Mientras escuchaba la voz de una de mis sabias hablar sobre comunicación pensé que
las palabras viajan rápido, pero que las escuchas son cada vez más lentas.
La urgencia de tener que decir algo arrasa con la clave esencial de la comunicación humana, que es mucho más que hablar. Hemos olvidado la virtud del silencio, ese espacio breve y fértil donde la voz del otro puede desplegarse sin miedo; pero nos hemos olvidado, sobre todo, de la importancia de callar y escuchar.
Esta época de mensajes instantáneos y simultáneos, de dejar en visto, de declinar llamadas, en la que la necesidad de ahorrar tiempo nos lleva irremediablemente a perderlo, nos convierte cada día en seres más solitarios encerrados en sí mismos.
Somos una galaxia de pequeños mundos que ha perdido el cordón umbilical que los unía.
Las conversaciones se convierten en un intercambio de frases inconclusas en las que una idea se sobrepone a otra, casi como una carrera de fondo, para acabar llegando a ningún sitio.
Hay un instante frágil, casi imperceptible, en el que el alma del que habla se asoma buscando cobijo, y basta una mirada atenta o un silencio ofrecido para que encuentre un lugar donde descansar, sin juicios, un respiro que le permita seguir revelándose.
Existe una tristeza callada que habita en todas aquellas palabras que no decimos, una pena escondida en las pausas, en el leve temblor de quien habla sabiendo que no será escuchado. Es inútil hablar con alguien que ya está preparando su respuesta, que no te oye, sino que te mide; que no te recibe, sino que te analiza.
Las palabras caen, pero no germinan.
Escuchar para responder es como mirar al mar y ver solo el reflejo propio. Se oye al otro para encontrar en él la confirmación o la contradicción de lo que uno ya piensa.
Es una forma de soledad disfrazada de diálogo.
El interlocutor se vuelve espejo, y el yo se multiplica, pero nunca se encuentra con nada fuera de sí, como si en los confines de la existencia no existiera nada más allá del propio yo.
No hay puente, no hay travesía: solo existe el eco insistente del propio pensamiento.
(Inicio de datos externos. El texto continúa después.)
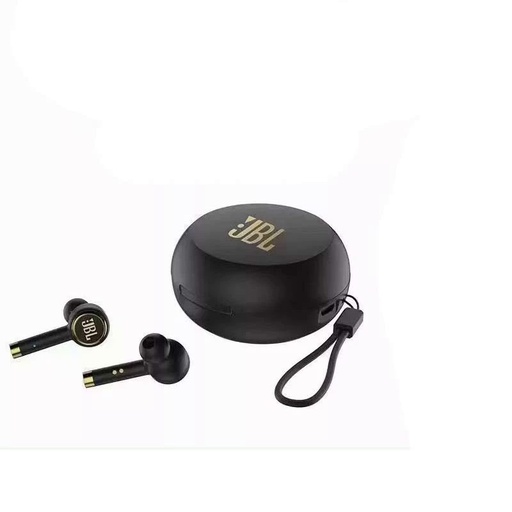 [668280] هدست بلوتوثی جی بی ال مدل RGB TUNED20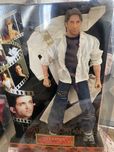 Коллекционная кукла Ритик HRITHIK ROASHAN Bollywood legends doll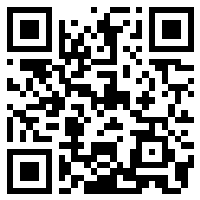 QR Code for dash:Xaj1hjLNJS2XLRVTtLuAJWui5gKmW7PiHd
Escuchar para responder es como defender una muralla sin saber siquiera si hay algo dentro. Las conversaciones se llenan de interrupciones, de réplicas apresuradas, de argumentos que se chocan como olas sin llegar nunca a mezclarse.
Hablamos mucho, pero nos comprendemos poco.
Cruzamos palabras, pero nuestros corazones permanecen callados, distantes, sin que nadie se detenga a escuchar su ritmo.
Estamos heridos por la impaciencia del discurso.
Tal vez algún día recordemos que escuchar es un arte antiguo, un gesto sagrado, una forma de entrega y de decir: «Estoy aquí para ti». Que se trata más de acompañar que de entender; que no hay que preparar respuesta. sino ofrecer silencio. Y que, a veces, lo único que un ser humano necesita es que alguien lo escuche.
Quizá, cuando volvamos a escuchar con el alma, las palabras recuperen su fuerza y el mundo, la ternura perdida.